I have met him a few times; "Hello", "Nalla irrukengela?"... the last time in the Gas queue at Karumandurai, the Saturday before his death.
His father had come up to the hills, many years ago; Dasarathan was "born and brought up" here; and father and son farmed 40 acres of land now, intensively, with many wells and much water usage.
One explanation of his death was that the neighbours' wells were drying up as he drew more and more water. Another is sheer envy that "they" had so much land, all of which used to belong to "us".
There are also murmurings of misbehaviour with local women. but whoever suggests this also adds a codicil to the effect that if you want to attack someone, then this is the best peg to hang your grievances on.
Half a dozen villagers were rounded up by the police, beaten up, and the "culprits" identified and locked up.
The situation is now ripe for politicians of all hues to jump into the fray and create a Tribal vs Non-Tribal 'situation'.
And all this has happened because victim and murderer have different labels. Had they both had the same label, the case would not have been so 'situation'-worthy.
Perhaps this is more often the case than we realise. Policeman vs Naxalite. Innocent Civilian vs Encounter Specialist. The very labels we use betray our sympathies. Perhaps it is time to realise that in every case it is a human being who kills and another human being who dies. And this inhumanity : where does it come from?

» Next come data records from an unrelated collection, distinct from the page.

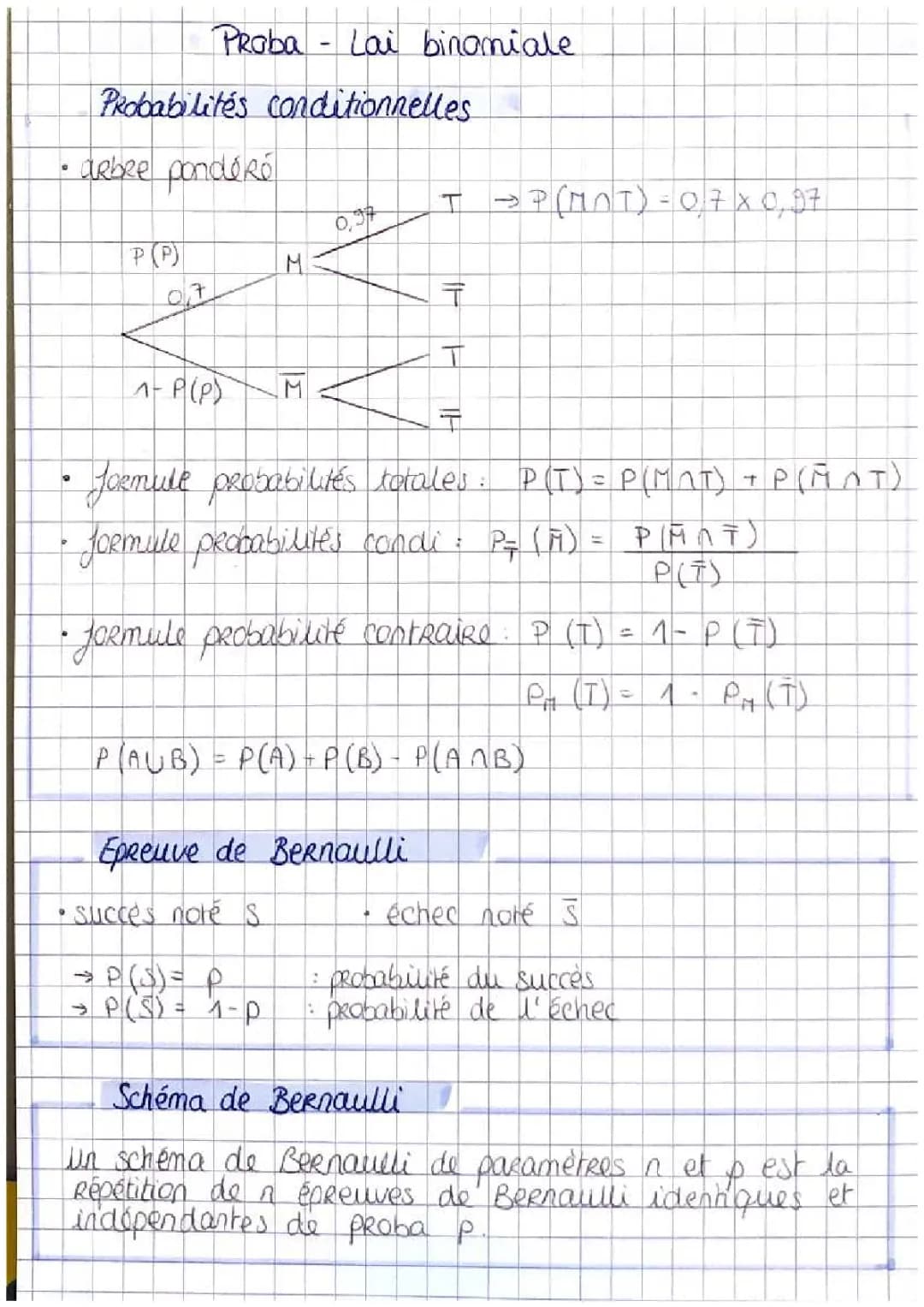 Apprends la probabilité avec l'arbre pondéré et la loi de Bernoulli !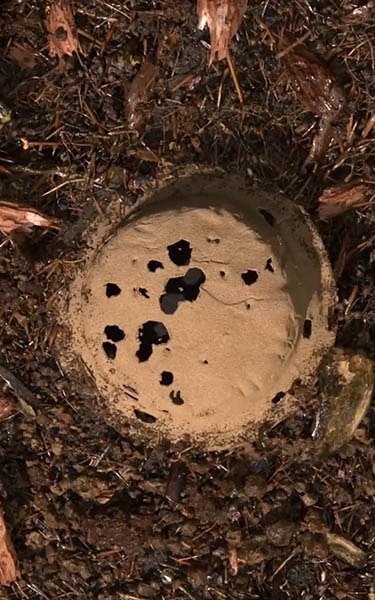 terre compostée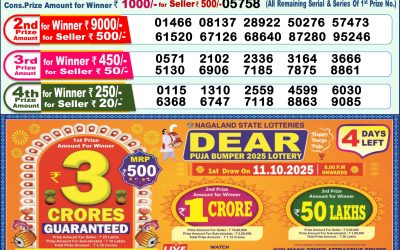 Everest Result Today Dear Lottery Result 2024 Dear Lottery 1pm Result 07.10.25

Ponder what Primo Levi writes in his book "The Drowned and the Saved" about the guards at Auschwitz:
" They were made of the same cloth as us; they were average human beings and save for exceptions, they were not monsters. They had our faces but they had been reared badly--many (of them) indifferent, fearful of punishment, desirous of a good career or too obedient. All of them had been subject to a terrifying miseducation provided and imposed by school and youth groups."